To identify which states’ workforces are experiencing the quickest recovery from COVID-19, WalletHub compared the 50 states and the District of Columbia across three metrics based on changes in unemployment claims. Below, you can see highlights from the report, along with a WalletHub Q&A.

Change in New York Weekly Unemployment Claims (1=Quickest Recovery, 25=Avg.):

  • 249.27% Change in Unemployment Claims (Latest Week vs Last Year)
  • 45,391 the week of October 26, 2020 vs 12,996 the week of October 28, 2019
  • 20th slowest recovery in the U.S.

1.22% Change in Unemployment Claims (Latest Week vs Start of 2020)

  • 45,391 the week of October 26, 2020 vs 44,846 the week of January 1, 2020
  • 8th quickest recovery in the U.S.

879.48% Change in Unemployment Claims (Since Start of COVID-19 Crisis vs Last Year)

  • 4,084,879 between the week of March 16, 2020 and the week of October 26, 2020 vs 464,463 between the week of March 18, 2019 and the week of October 28, 2019
  • 22nd quickest recovery in the U.S.

Q&A

What does the current election status mean for unemployment?
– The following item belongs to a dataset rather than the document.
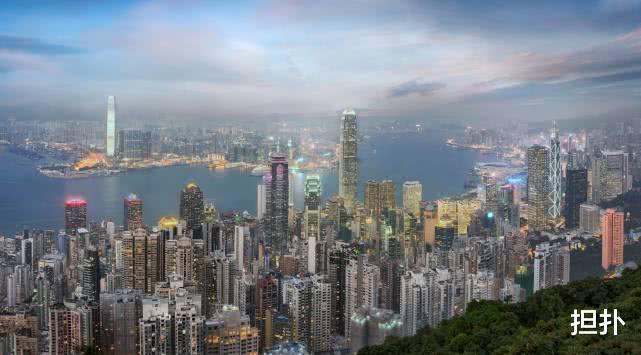 曾花51亿在香港买豪宅，今花81亿在英国买豪宅，堪称中国隐形首富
“The fact that the election is not yet resolved adds to the uncertainty already felt by unemployed people, as it further delays talks of a second stimulus,” said Jill Gonzalez, WalletHub analyst. “If we had a clear picture of who has won the presidency and Congress, it would be easier to predict whether unemployed Americans are likely to get relief before or after inauguration day. In addition to giving us a better idea of when another stimulus will come, clear election results would help us forecast how much bargaining power each party has in determining the size of said stimulus.”

Should the government step in to help industries like movie theaters avoid going bankrupt?

“The government should take actions to prevent highly-impacted industries such as movie theaters from going bankrupt. Government restrictions on capacity, though essential for safety, have caused many places to become unprofitable. We should protect businesses against bankruptcy to prevent another rise in unemployment,” said Jill Gonzalez, WalletHub analyst. “In order to receive assistance, companies and landlords in danger of bankruptcy should also be willing to share in the cost. The government can’t be solely responsible for bailing everyone out.”

If a coronavirus vaccine is distributed before the end of the year, how could that impact unemployment?

“If a coronavirus vaccine becomes available before the end of the year, that’s great news for unemployment. If most people are vaccinated against COVID-19, the transmission risk will be minimized and we will finally be able to achieve a full reopening. Business revenue will increase, and as a result, businesses will have a greater ability to hire,” said Jill Gonzalez, WalletHub analyst. “Even though it would be great to have a vaccine this year, it’s important to make sure that clinical trials are not rushed so that the final product has the best efficacy possible. We may also face an uphill battle getting people vaccinated, as recent surveys suggest as much as a third of the population would refuse the vaccine.”

How do red states and blue states compare when it comes to recovery?

“With an average rank of 24 among the most recovered states, red states had a better recovery from unemployment claims last week than blue states, which rank 29 on average,” said Jill Gonzalez, WalletHub analyst. “The lower the number of the ranking, the bigger the state’s recovery was.”

How has unemployment in Texas – the state with the most COVID-19 cases – recovered?

“Texas’ unemployment claims have experienced the 23rd slowest recovery in the U.S. For the week of October 26, Texas had 36,200 new unemployment claims, an 89% decrease from the peak during the coronavirus pandemic,” said Jill Gonzalez, WalletHub analyst.